Thursday, May 1, 2014

Week 7: Microfinance and the Links Between Health and Economics

Coming into this course, I was much more familiar with the field of microeconomics than that of macroeconomics.

Microeconomics is concerned with the economic activities and tendencies of individual entities driving markets such as individuals, families, businesses, organizations, groups and countries.  It looks at the smaller individual pieces of a much bigger puzzle, like me and my habits, which makes it a more relatable topic to me personally.

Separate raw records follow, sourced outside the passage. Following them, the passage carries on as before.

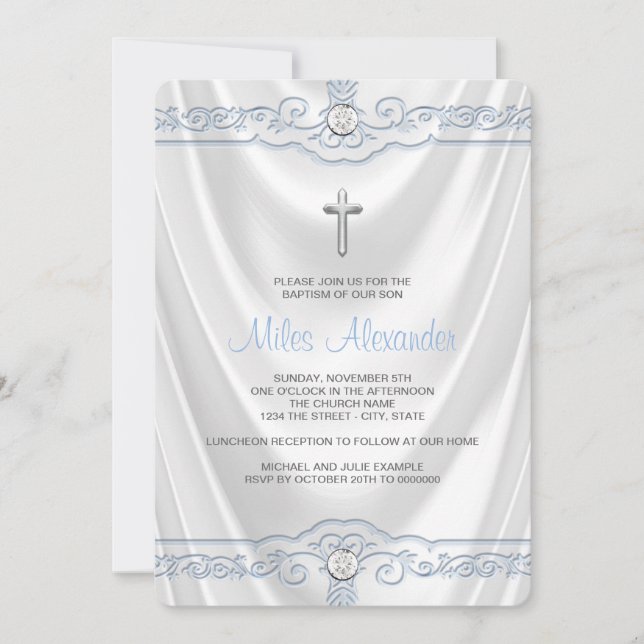 Invitation Baptême Blanc et Bleu Robe de Baptême en Satin Bla (Devant)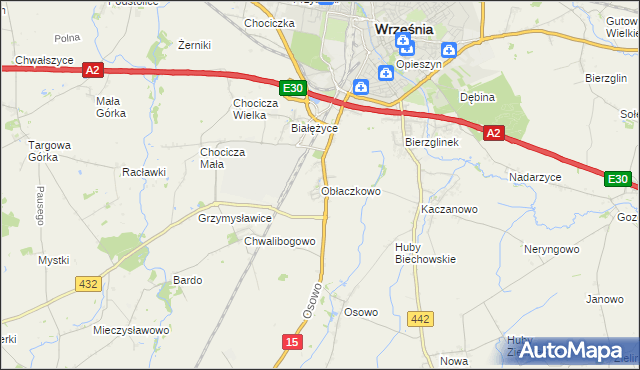 mapa Obłaczkowo, Obłaczkowo na mapie Targeo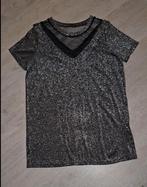 Truitje top maat s/m met glitter zilverdraad en roezel, Kleding | Dames, Ophalen, Zo goed als nieuw, Zwart, Lange mouw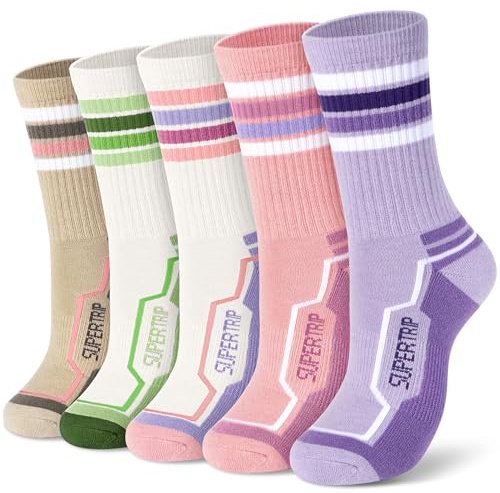 Supertrip Merino Wool Hiking Socks Women 3/5 Pairs Cushion Walking Socks Moisture Wicking Thermal Warm Winter Socks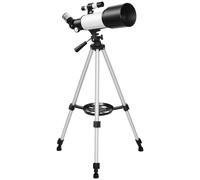Outsunny Telescopio Astronómico 70 mm - 2 Oculares y Adaptador para Smartphone, Blanco/Negro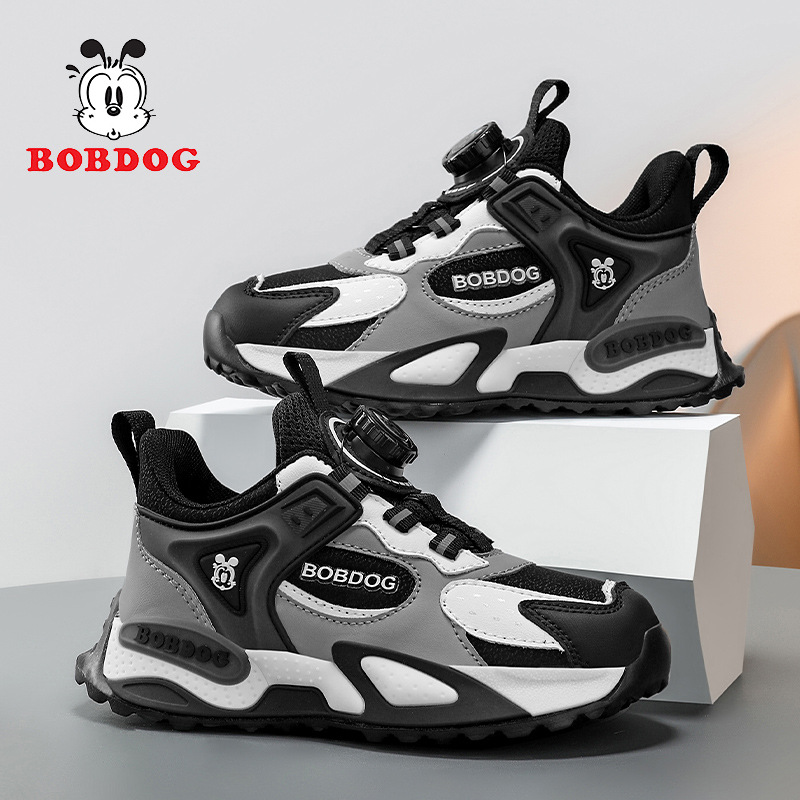 Babu Bean zapatos infantiles 2025 otoño cuero impermeable botón giratorio zapatos deportivos para niños zapatos de carrera para niños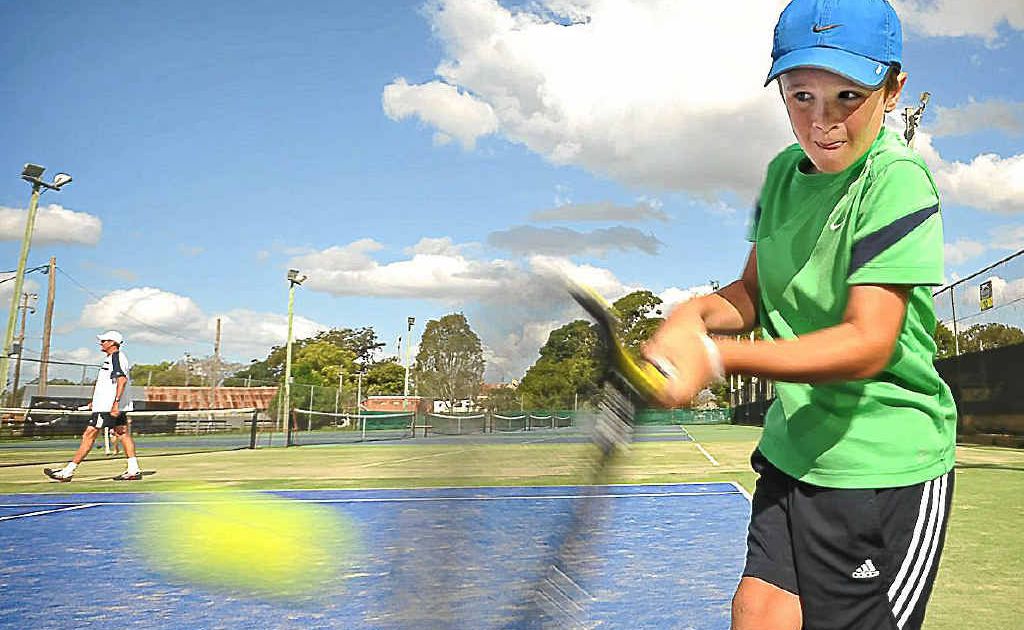 Grafton player Eli Fahey warms up in readiness for the Optus Junior Tour tennis tournament that gets underway at the Grafton Tennis Centre tomorrow. Grafton player Eli Fahey warms up in readiness for the Optus Junior Tour tennis tournament that gets underway at the Grafton Tennis Centre tomorrow.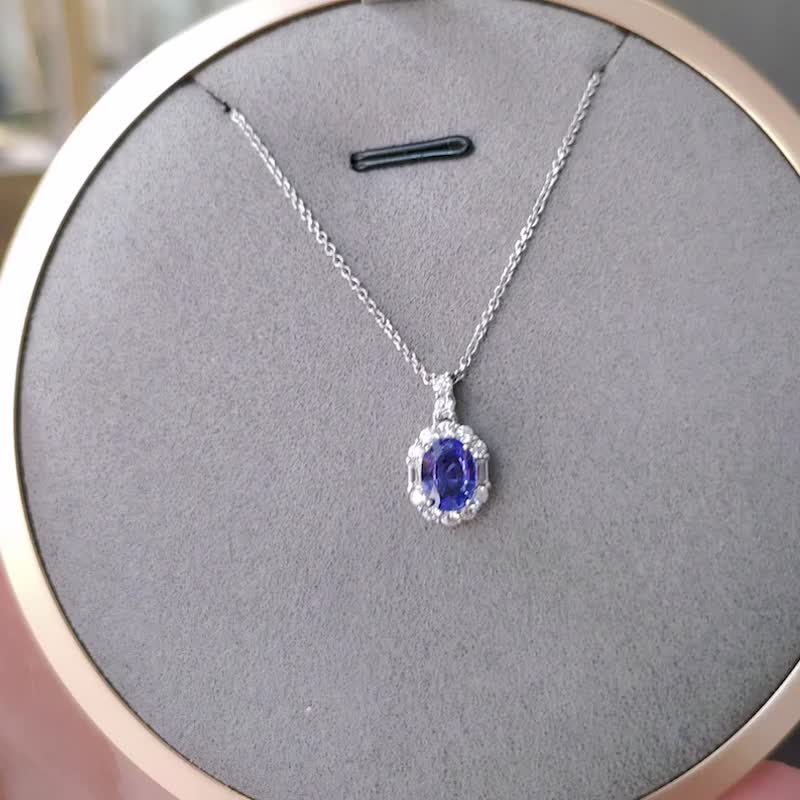 古典紫藤 | 丹泉石 / 坦桑石 | 天然宝石项链 - 项链 - 宝石 蓝色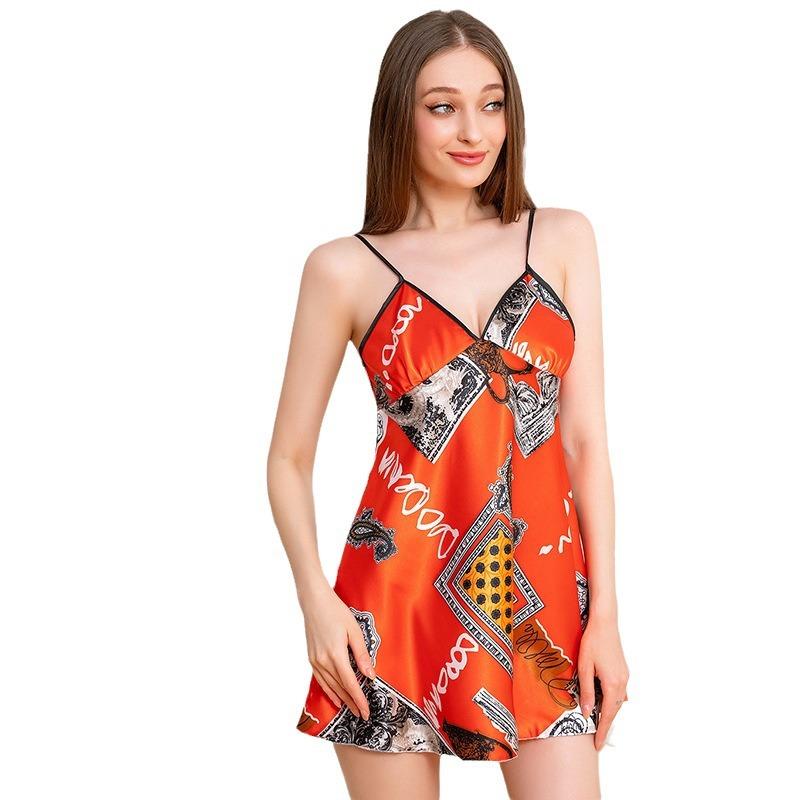 New Nightgown Women's Summer Ice Silk Thin Sleeveless Sexy Suspender Printing Large Size European and American Outer Loungewear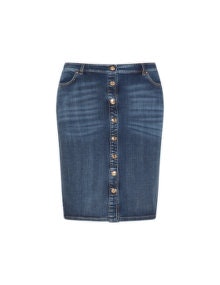 Ashley Graham for Marina Rinaldi Denim pencil skirt Light-Blue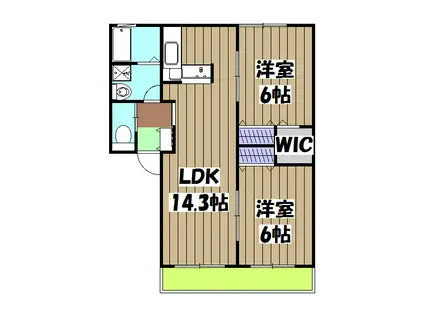 ベルク・フェルトA(2LDK/2階)の間取り写真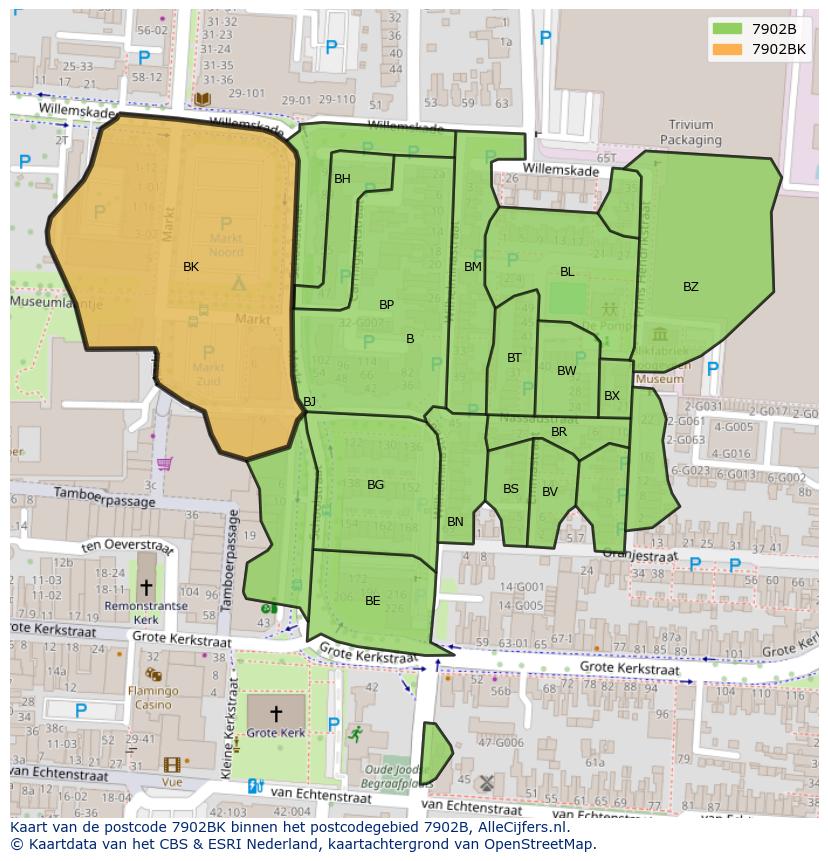 Afbeelding van het postcodegebied 7902 BK op de kaart.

In Uganda I spoke with workers from a microfinancing sacco (a small savings and loan cooperative) and was introduced to the benefits of providing small loans with low interest to people in developing countries.  My education began with the basics:

  • Small loans are essential to help individuals and families set up small business enterprises like farms or shop stalls (so they can buy equipment and or stock, pay the initial rental fees, etc).
  • Small loans can also be used for education and the acquisition of skills or healthcare if illness has become a problem and is interfering with productivity.
  • Small loans help to establish independence and security by optimizing self-sustainability so that people can work to provide for themselves instead of relying on charitable donations.
  • Banks in developing countries do not typically provide small loans as it is usually not worth it for them.  In addition, banks generally require collateral to lend out money, which is something that poor people in developing countries rarely have.
  • In the absence of bank loans, many desperate people in developing countries have no choice but to turn to aggressive loan sharks who charge incredibly high interest rates and may threaten or even enact violence if payments are not made on time.  This can place these individuals and their families at great risk and dig them into an even deeper financial hole than where they started.
As I learned more, I came to know that microfinance was initially called microcredit and in 2006, the Grameen bank in Bangladesh won the Nobel Peace Prize for its groundbreaking work providing small loans to the poor (Karim 2011).  One of the primary reasons it has received so much praise is because of the opportunity it provides to women to become more financially independent in traditionally very patriarchal societies, thereby helping to elevate the status of women and improving equality.  I learned that the sacco in Uganda reported much higher recovery rates from women, that is to say that compared to their male counterparts, female clients are better at bringing in their payments in full and on time.  Upon further reading, I found that banks in Bangladesh including Grameen also reported remarkably high recovery rates (around 98%) from its female borrowers (Karim 2011). 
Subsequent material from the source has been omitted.